Nach dem Ende des Rettungsprojekts „Mare Nostrum“ werden die Berichte über ertrinkende Flüchtlinge und kenternde, überfüllte Boote immer verstörender. Italiens Ministerpräsident Matteo Renzi war die Verzweiflung anzumerken, als er gestern an die EU appellierte, Italien nicht mit dem Problem allein zu lassen. Italien hatte die Kosten für die Rettung von rund 140.000 Flüchtlinge  durch Mare Nostrum quasi allein getragen – und auch in den letzten Monaten war es vor allem die italienische Marine, die im Mittelmeer Menschen rettete. Allein seit Anfang April waren es 11.000. Renzi hat Recht: Die EU muss gemeinschaftlich agieren, und zwar schnell. Ein Aspekt allerdings wird bisher allerdings außer Acht gelassen:  Die Frage nämlich, wo eigentlich das Engagement der afrikanischen Länder bleibt. Es sind ihre Bürger, die massenhaft nach Europa flüchten, weil sie aus politischen und religiösen Gründen verfolgt werden oder für sich keine Chance mehr sehen.
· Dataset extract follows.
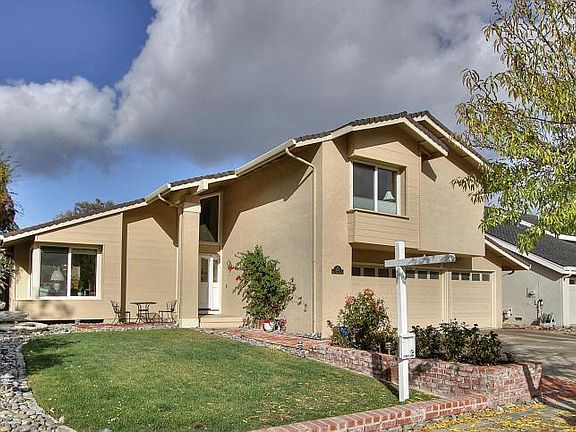 2nd image of 669 Mary Evelyn Dr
Weil sie die Korruption, Gewalt und Aussichtslosigkeit in ihren eigenen Ländern nicht mehr ertragen können. Und die Afrikanische Union? Schweigt. Man stelle sich vor, tausende Europäer würden täglich nach Afrika flüchten – und die EU würde dem reglos zusehen. Die Afrikaner nicht mit in die Verantwortung zu nehmen, ist eine Art von fürsorglicher Diskrimierung, die den Kontinent noch immer als Mündel Europas begreift. Insofern ist es völlig legitim, danach zu fragen, was eigentlich innerhalb Afrikas getan wird, um Menschen aus afrikanischen Ländern ein menschenwürdiges, produktives Leben zu ermöglichen.Wie Korruption bekämpft und Fortschritt unterstützt werden. Wie Milliarden an Entwicklungshilfe angelegt werden. Afrika in diesem Dialog als gleichberechtigten Partner Europas anzusehen heißt auch: Forderungen zu formulieren. Und sei es zunächst nur die, sich an Rettungsaktionen im Mittelmeer zu beteiligen und Schlepperbanden das Handwerk zu legen.